Raising the evaporating temperature of a system will increase the compressor performance by approximately 4% per degree k. By increasing the compressor cooling capacity with minimal effect on its power consumption and therefore reducing the capital cost related to the compressor.

How – Increase cooling surfaces, surface efficiency, control or raise air/fluid/product temperatures if possible

Lowering condensing temperature:

Lowering the condensing temperature of a system will increase the compressor efficiency by approximately 3% per degree k, by lowering the pressure to which the refrigerant must be compressed. Therefore decreasing motor sizes and absorbed power on the compressor.

How – increase condensing surfaces, condenser efficiency and control

Choosing the right refrigerant:

All refrigerants have different thermal properties and vary in efficiency greatly.
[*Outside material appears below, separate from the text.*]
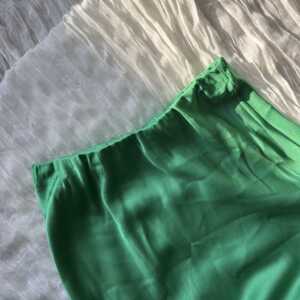 Jupe longue satinée vert brésil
The refrigerant of choice however is quite an emotive subject and typically is chosen for emotional reasons and not for technically the correct one. Choices are made due to personal experience, legislation or quite often rumour!

Large is Good (well in many cases):

With mechanical items such as compressors, motors etc the larger the piece of equipment, the more inherently efficient it becomes (at the same conditions). Therefore larger systems are typically more efficient than smaller ones even working in the same conditions, and providing an appropriate level of utilisation.

Common systems are more efficient:

Common systems with common heat exchangers are more efficient than multiple, individual systems when designed and controlled properly. This is because the key pieces of capital plant (condensers, evaporators) can all be simultaneously utilised, improving efficiency under part load conditions.